Si l’UE et ses États membres ne veulent pas se précipiter tous ensemble dans le désastre, ils devraient tenir, en juillet encore, une conférence commune pour sauver l’Europe, dans laquelle seraient discutés ouvertement les crédits toxiques, la spirale de l’endettement devenu hors contrôle, le fort taux de chômage des jeunes, le dumping salarial, les menaces sur l’épargne, l’assèchement des systèmes sociaux et le problème des réfugiés. Mais cela ne peut pas réussir si chacun arrive avec un agenda caché. Les problèmes européens devraient être reconnus et résolus comme des problèmes communs. Ils doivent être traités et résolus de manière offensive.
Mais ceci est la deuxième étape : la première doit être d’empêcher rapidement l’effondrement de la Grèce et de trouver en même temps une feuille de route contraignante pour les réfugiés. Jusqu’ici, on a isolé verbalement les extrémistes de droite dans l’UE. La politique concrète, cependant, s’est orientée en considérant le succès possible de ces derniers : on fait comme si tous les citoyens en Europe allaient passer à l’extrême-droite – et on veut empêcher leur succès en anticipant d’avance leur politique. Cela ne marchera pas. Marine Le Pen profite de la situation. En Grèce, l’extrémiste de droite Aube dorée a été le seul parti à voter contre l’austérité. C’est déjà la troisième force au Parlement.
L’Union des égoïstes a conduit à une renaissance du nationalisme. La Grèce ? Pas notre problème. Les quotas de réfugiés ? Aux autres de voir comment gérer ça. Réduction de la dette ? Pas question ! Il est particulièrement désagréable que les dettes grecques ne constituent un problème pour les contribuables européens que parce que l’UE a sauvé les banques en 2012 et qu’elle a reporté les dettes sur les contribuables. Maintenant, on craint le moment de vérité.

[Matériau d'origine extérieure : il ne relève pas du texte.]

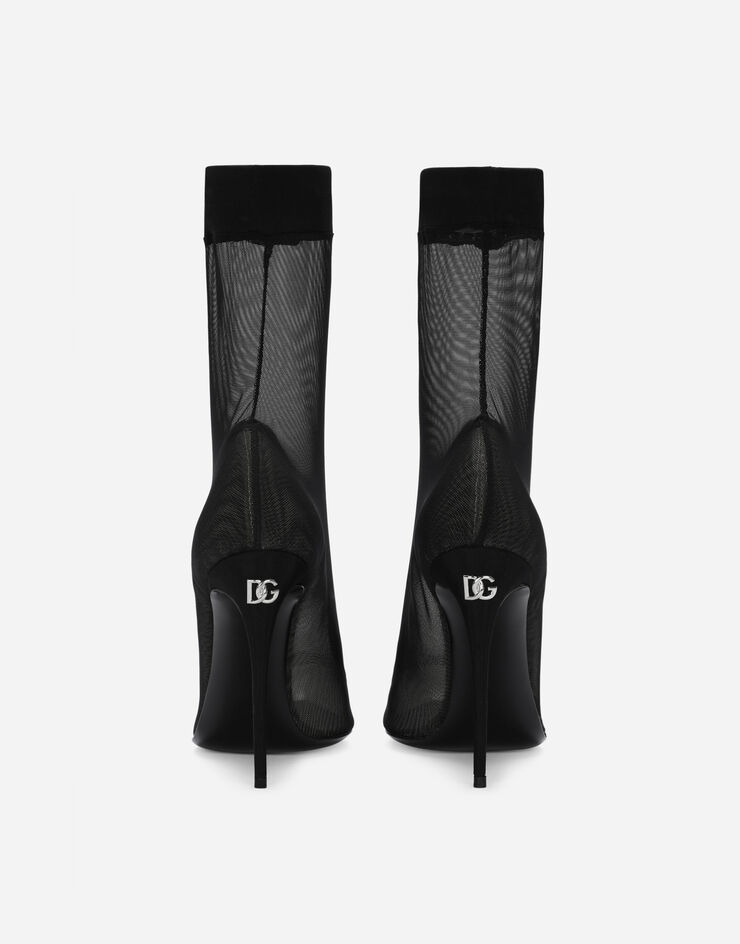 Dolce & Gabbana KIM DOLCE&GABBANAحذاء بوت برقبة للكاحل من تول مرن أسود CT0959AL786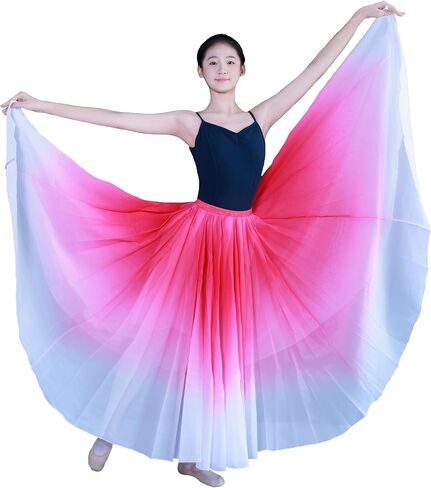 Women's Gradient Color Chiffon Lyrical Dance Skirt Long Swing Sheer Wrap Skirts for Modern Ballet Performance in Kuwait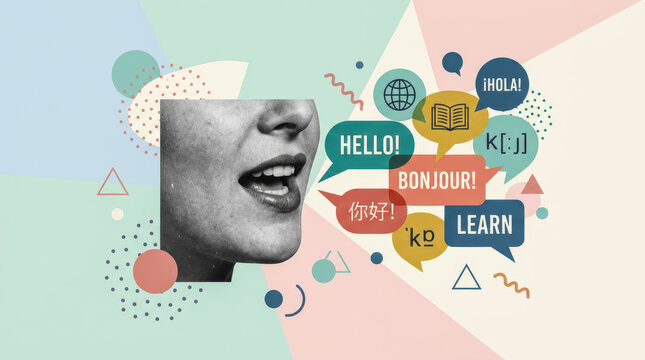 Modern geometric collage of a person speaking multiple languages. Perfect for global education, translation services, and linguistic diversity.High quality photo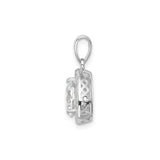 Sterling Silver Teardrop Pendant with Cubic Zirconia Halo and Large Round Center Stone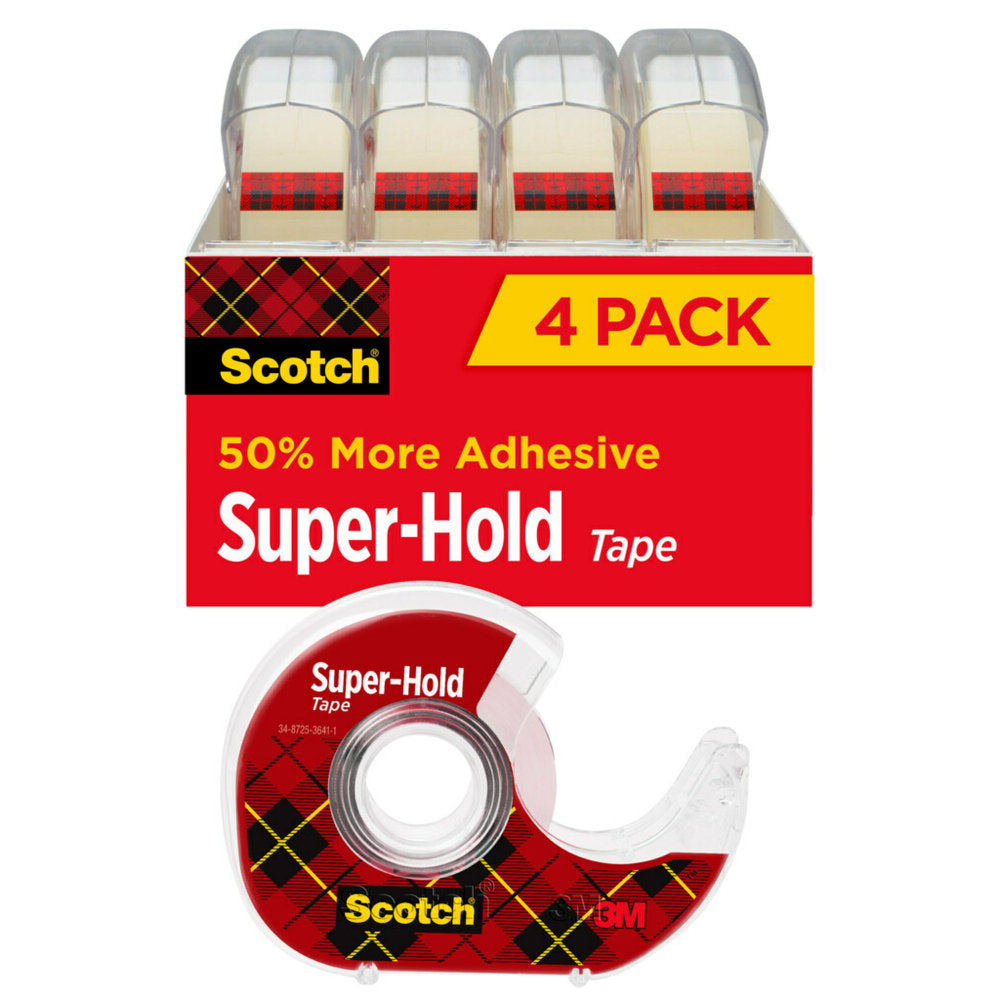 Scotch Super-Hold Tape, With Handheld Dispenser, 3/4in x 650in, Clear, Pack Of 4 Rolls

Mais l’UE a éclaté, inexorablement, et le jour des comptes venu, la colère des citoyens se tournera contre leurs gouvernements.
Peut-on encore remettre le Titanic sur la bonne route ? L’iceberg se brise déjà à la proue, nous entendons les bris de verre. Le bastingage se fend, l’eau s’engouffre dans la coque.
La Grèce est la fuite qui décide du destin de l’UE et donc aussi de l’Europe. Les réfugiés sont les premiers passés pas dessus bord. Colmatez la fuite en vous rappelant vos valeurs. Chassez l’orchestre de la salle de bal, faites-le monter sur le pont, que tous voient ce qu’il se passe et apportent leur aide. Mettez les canots de sauvetage à l’eau. Tout le reste est secondaire. L’histoire fera payer très cher celui qui aura tardé à apporter son aide.